How FedEx and UPS Made the Airport an Anti-Factory
The word “aerotropolis,” coined by UNC business professor John D. Kasarda, means “a new urban form placing airports in the center with cities growing around them, connecting workers, suppliers, executives, and goods to the global marketplace.” Below, in this exclusive TFT excerpt from the new book Aerotropolis: The Way We’ll Live Next, written by journalist Greg Lindsay and Kasarda, we get a peak at how the terribly efficient air-delivery giants FedEx and UPS factor into the model.

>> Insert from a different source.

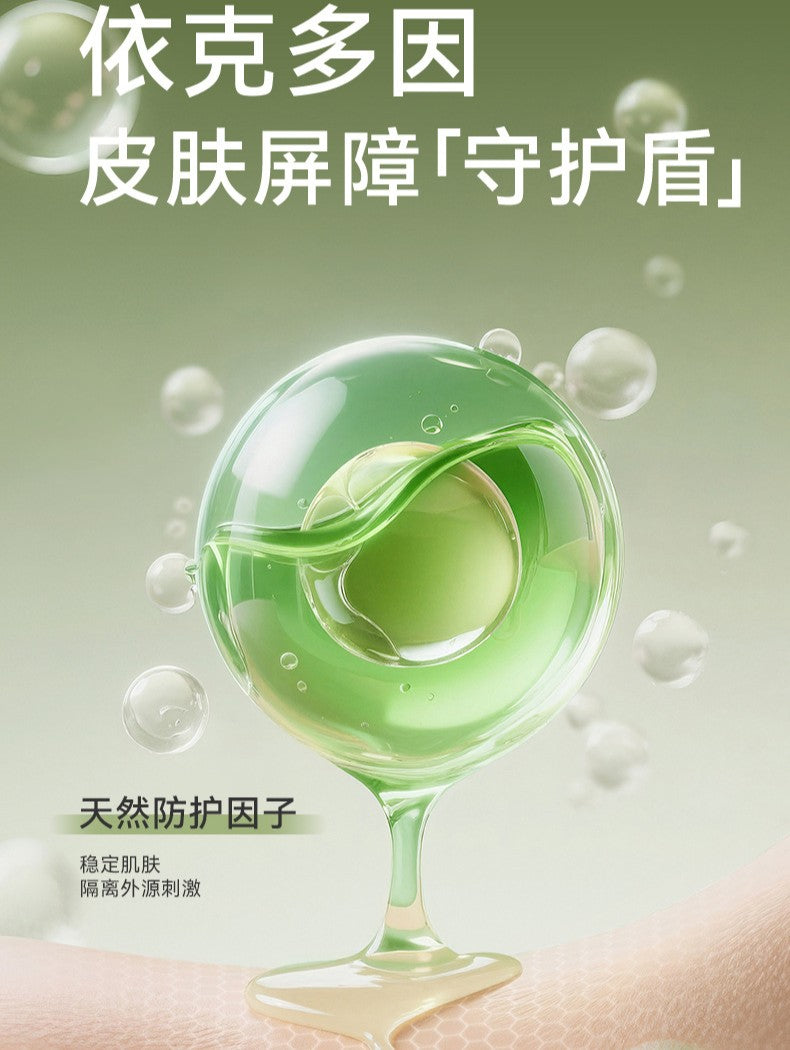 Be A Better Mom Floral Joy Purifying & Soothing Body Wash 300ml 十月结晶花悦净透舒缓沐浴露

The midnight skies over the Memphis and Louisville airports are filled with stars bearing down on you. Wait on the tarmac long enough and they gradually come into focus— 727s, 747s, 757s, 767s, 777s, A-300s, and MD-11s, blinking steadily as they approach in parallel, landing every ninety seconds on each airport’s twin runways. The biggest difference, to my eye, was that FedEx’s fleet approached like a buzzing swarm in the northern sky, all seemingly trying to land at once, while in Louisville the incoming “browntails” landed from the south, veering wide around the airfield one by one. They line up single file, bunched as tightly together as pearls on a necklace, at least from the controllers’ point of view.
I found the UPS Worldport the more interesting of the two. The hub at Memphis is larger, but being stuck at number two had spurred UPS to try harder, and its outsize role in Louisville meant the mechanics of the aerotropolis were easier to see. I spotted it in the spooky clearings along the airport fence where homes had been demolished and trees clear-cut to the stumps in anticipation of some future use that UPS planners hadn’t imagined yet.

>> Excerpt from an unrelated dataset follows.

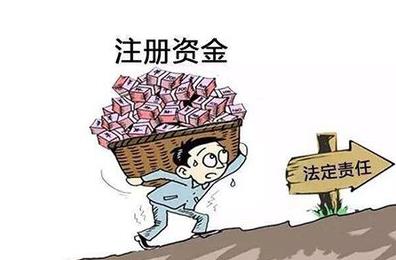 有限公司注冊資金在多少比較合適呢？ 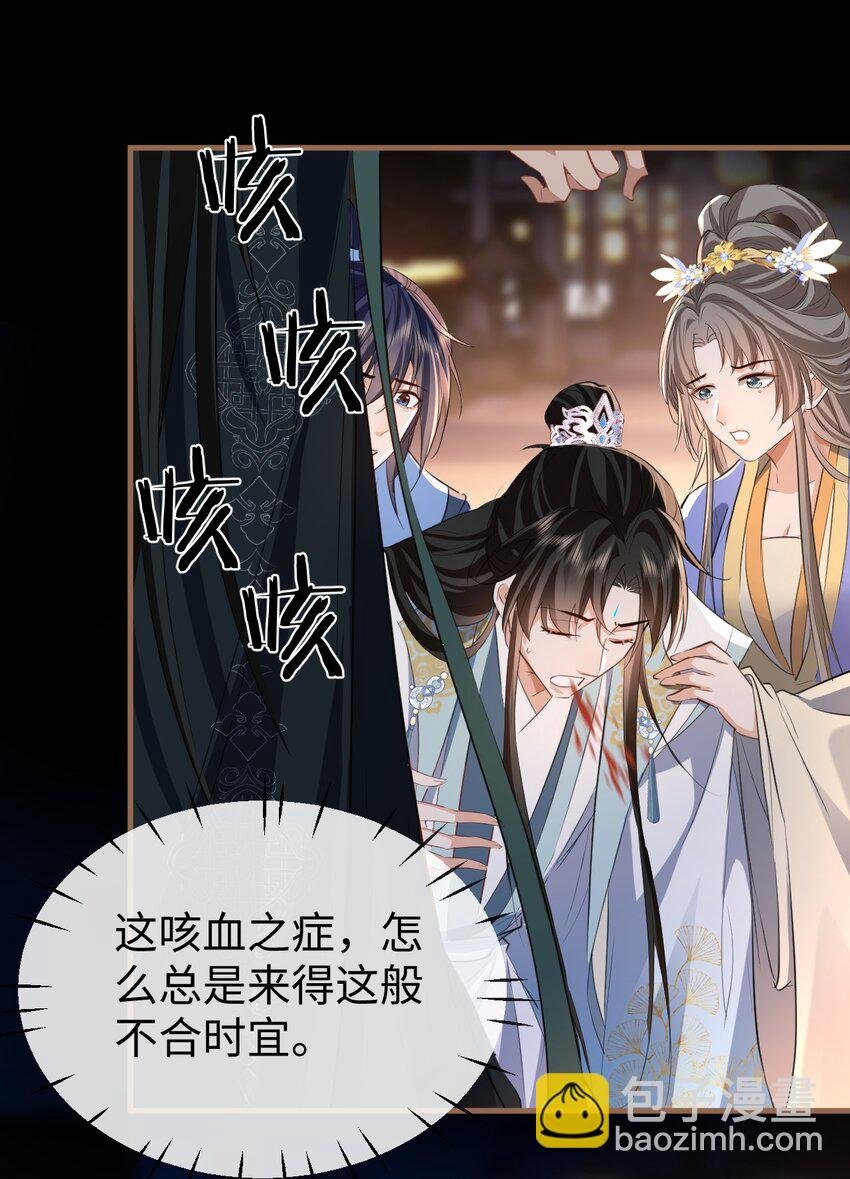 第42话 梦中被囚禁的男人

I paid a visit one spring before its expansion, which has added another million square feet to its footprint. There were four million square feet within its giant white box already, roughly half the size of downtown Louisville. It actually consumes more electricity than the entire waterfront at night, even though vast stretches are dimly lit and unoccupied.

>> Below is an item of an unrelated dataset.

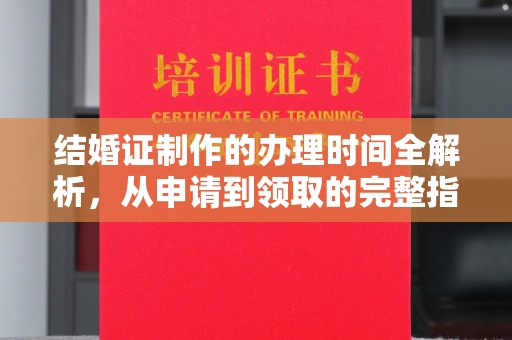 鸠江结婚证制作的办理时间全解析，从申请到领取的完整指南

Seeing the sort demands pulling an all-nighter. The Worldport handles more than a million packages daily, most of them between 11:00 p.m. and 4:00 a.m. In Memphis, FedEx computers estimate nightly when the sort should be finished, and the approaching zero hour (and minute) blinks red on screens posted throughout the hub. There is no less a sense of urgency in Louisville, even if the countdown isn’t so obvious.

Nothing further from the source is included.